_WHAT THE TASK ASKS_. This task calls for the lines below starting at the one containing "RIHITO堺の間取り" and ending at the one containing "Mochila Vans Realm Cuadros Multicolor", repeated exactly with both ends kept and pictures left out.

_GIVEN RECORDS_.

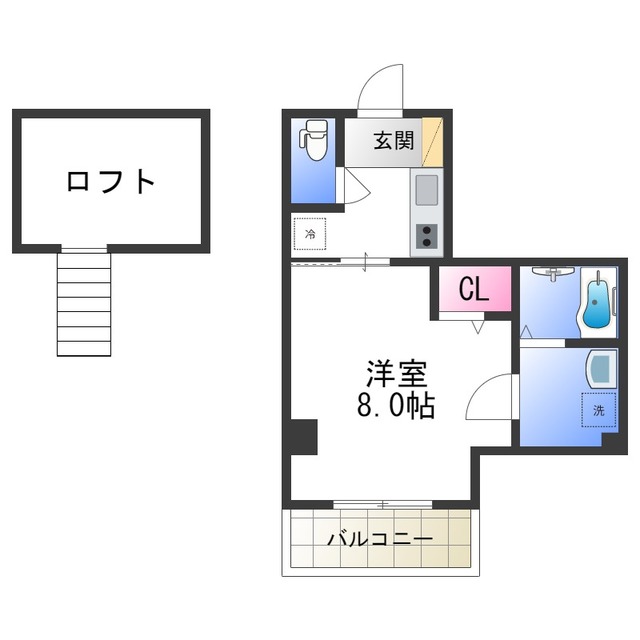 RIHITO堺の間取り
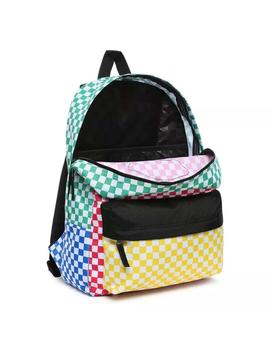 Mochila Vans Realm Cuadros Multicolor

==

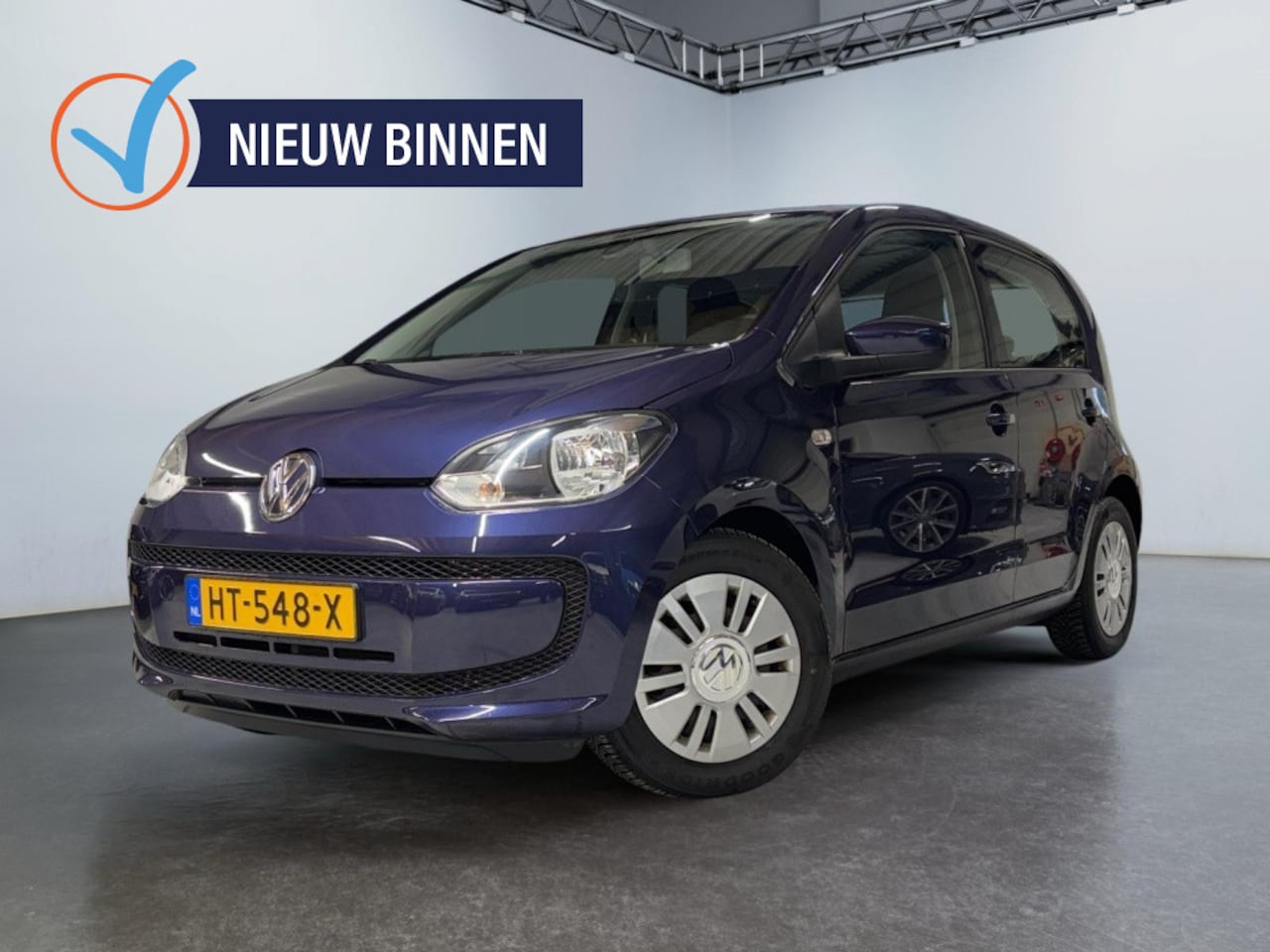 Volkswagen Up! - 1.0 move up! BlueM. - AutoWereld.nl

--

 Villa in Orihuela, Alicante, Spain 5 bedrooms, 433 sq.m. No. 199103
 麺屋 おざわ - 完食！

_RESPONSE_.
 RIHITO堺の間取り
 Mochila Vans Realm Cuadros Multicolor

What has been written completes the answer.